In den Niederlanden ist dieser Tage wieder ein Beweis für die völlig misslungene Integration muslimischer Einwanderer erbracht worden. Ähnlich wie im österreichischen Ried, handelt es sich in Holland ebenfalls um ein auf der Plattform YouTube hochgeladenes „Hass-Video“ eines muslimischen Rappers. Der libanesische Rapper „Hozny“ veröffentlichte den Clip mit dem Namen „Geertje“ als Antwort auf angebliche islamfeindliche Äußerungen des Politikers Geert Wilders.

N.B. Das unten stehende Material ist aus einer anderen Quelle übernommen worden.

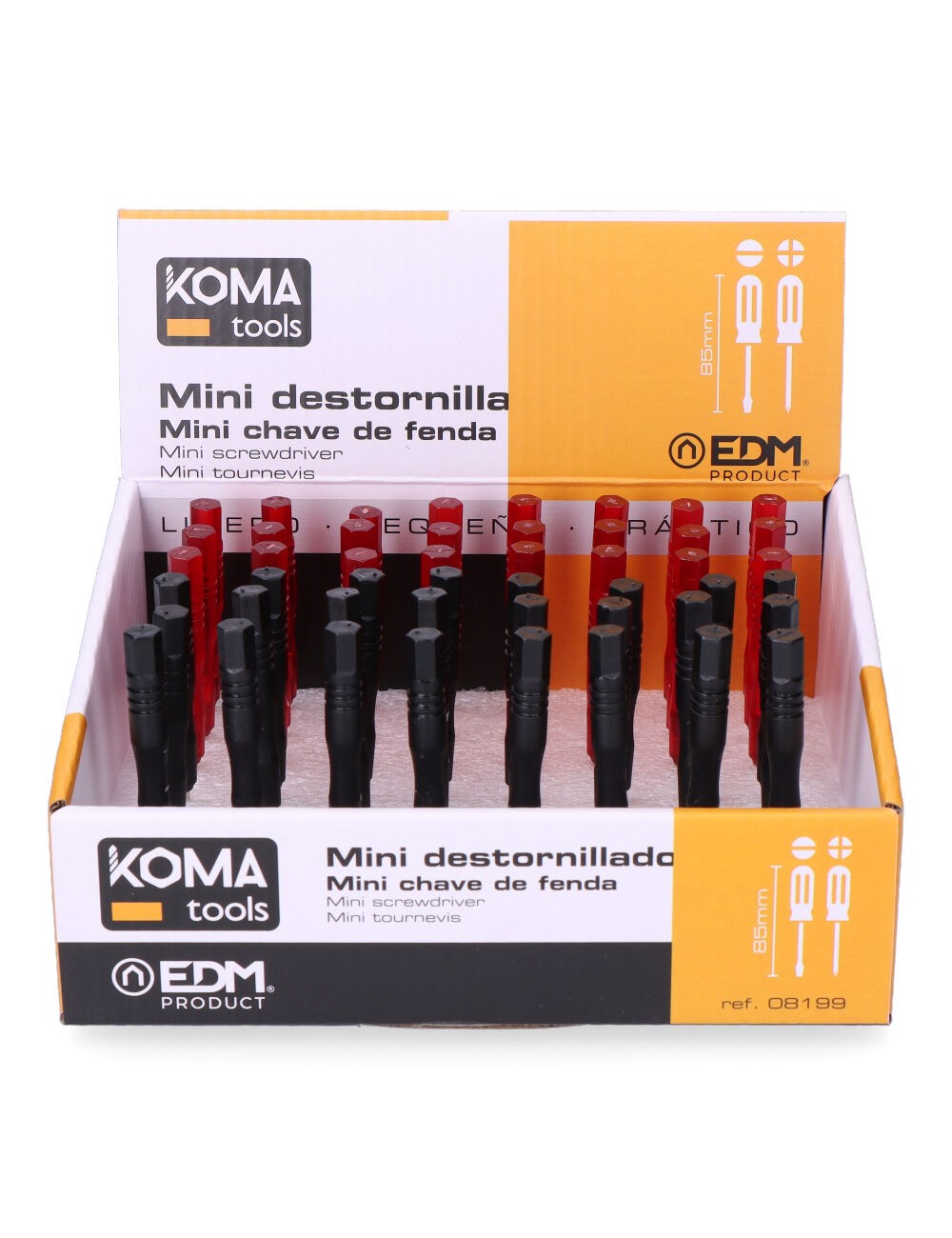 Destornilladores mini 85 mm, expositor 48 uds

Exekution für „Mädchen mit Kopftüchern“

Das Musikvideo selbst aber ist voller Gewalt und stachelt zum Hass auf. Eine Person, welche Geert Wilders darstellen soll, wird darin von zwei maskierten Männern entführt. Am Ende des Videos wird das Bild schwarz und man hört nur einen Schuss aus einer Waffe. Hier soll die Exekution und der Tod des Politikers angedeutet werden. Der Rapper singt seine Rechtfertigung: er tue „es“ nicht für sich, sondern für „die Mädchen mit Kopftüchern“ und „die jungen Männer auf der Suche nach Jobs und Brot“. Der niederländische Regierungschef Mark Rutte verurteilte den Musikfilm als „abscheulich und grausam“. Wilders selbst betonte, nicht seine Äußerungen, sondern genau diese Reaktionen seien eine „Aufstachelung zur Gewalt“. Er will jetzt Anzeige gegen den libanesischen Rapper „Hozny“ erstatten.

Linke Menschenrechtsorganisationen sehen den Vorfall anders. Einige prüfen bereits eine Anzeige gegen Wilders aufgrund angeblich abwertender Äußerungen gegen eingewanderte, aber kriminell gewordene Marokkaner.